A gauche, différents costumes dont un « Costume de luxe pour fille » avec l’indication « A partir de 3 ans ». La fillette représentée porte une robe d’infirmière et un stéthoscope.
A droite, à côté du texte « Costume adulte pour femme », on voit deux femmes, l’une en robe noire style Charleston et l’autre en tenue de soubrette avec un plumeau.
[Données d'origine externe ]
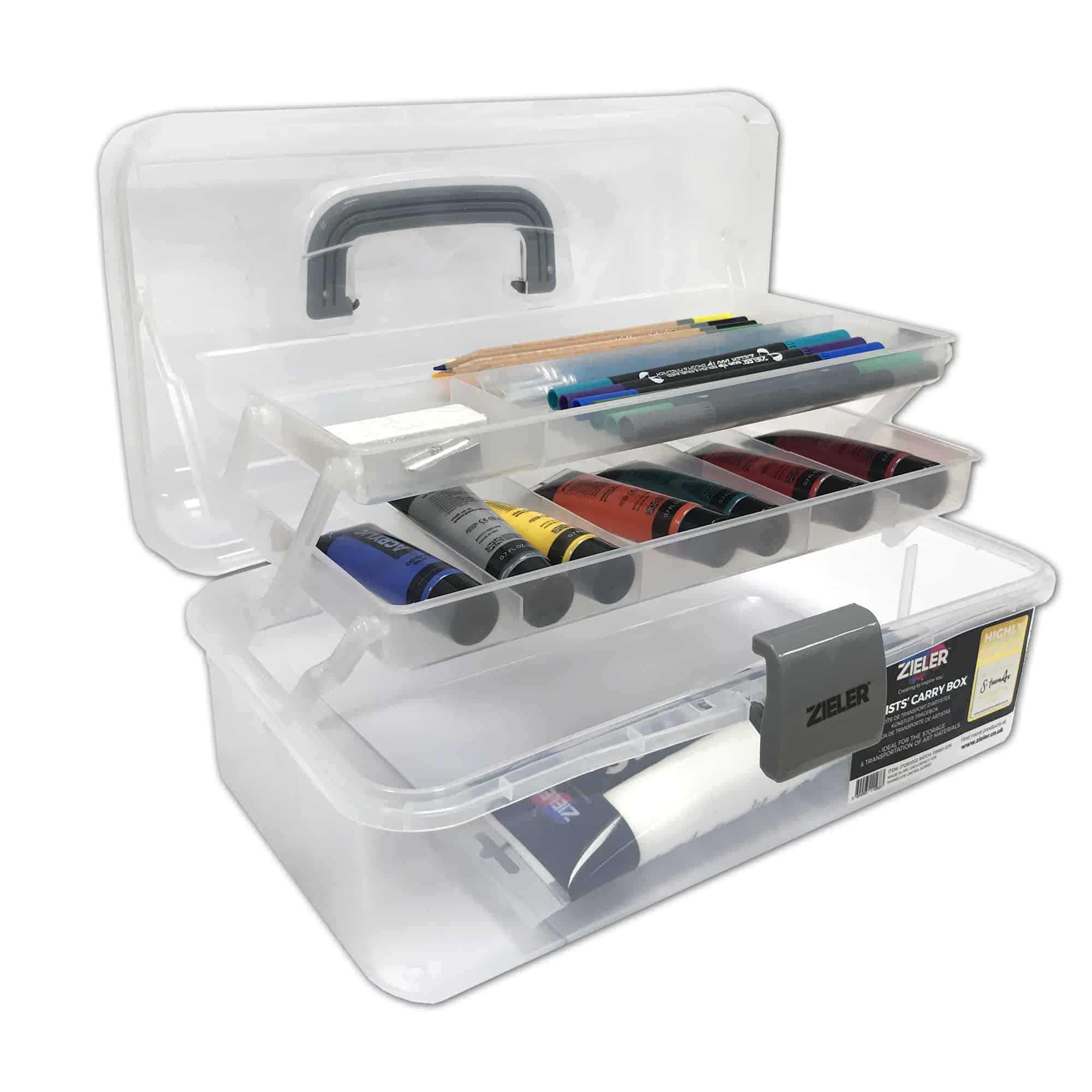 Zieler Artists Carry/Caddy Box (Translucent White) - Ideal Storage For Artists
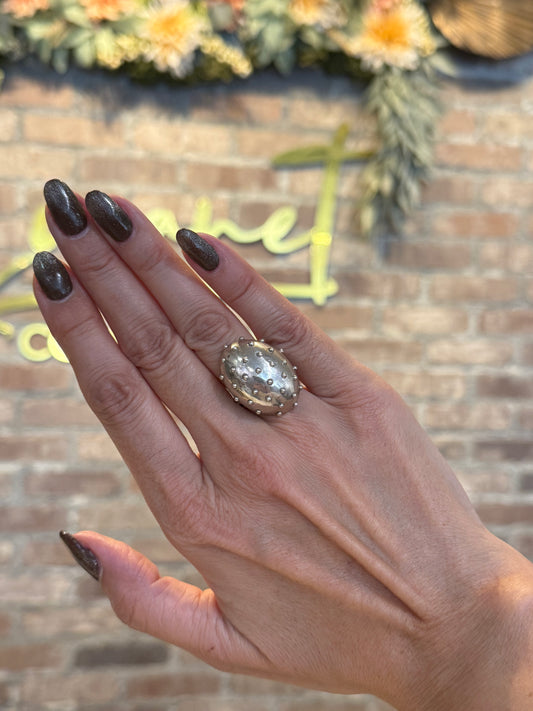 Textured Silver Dome Ring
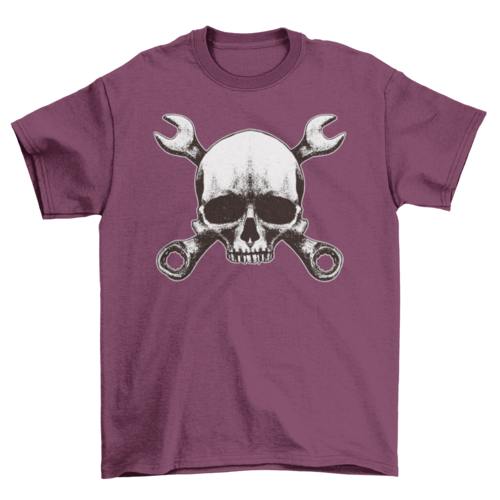 Skull and mechanic tools t-shirt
Le plaignant a renvoyé à une femme adulte avec un costume de « religieuse ou infirmière » et à une autre portant un « costume adulte pour dame » véhiculant les codes de la pornographie sur une page de déguisement de carnaval destinée aux parents et à leurs enfants. Il n’est pas spécifié que le costume de religieuse ou d’infirmière s’adresse aux adultes. De plus, son positionnement sur la page laisse croire que le costume d’infirmière pourrait s’adresser aussi aux enfants et aux adolescents : premièrement, le modèle est autant dans la partie foncée que la partie claire de l’annonce et deuxièmement, alors que la partie foncée est identifiée en page 53 (costumes masculins) comme « adulte », elle ne l’est plus en page 55 (costumes féminins).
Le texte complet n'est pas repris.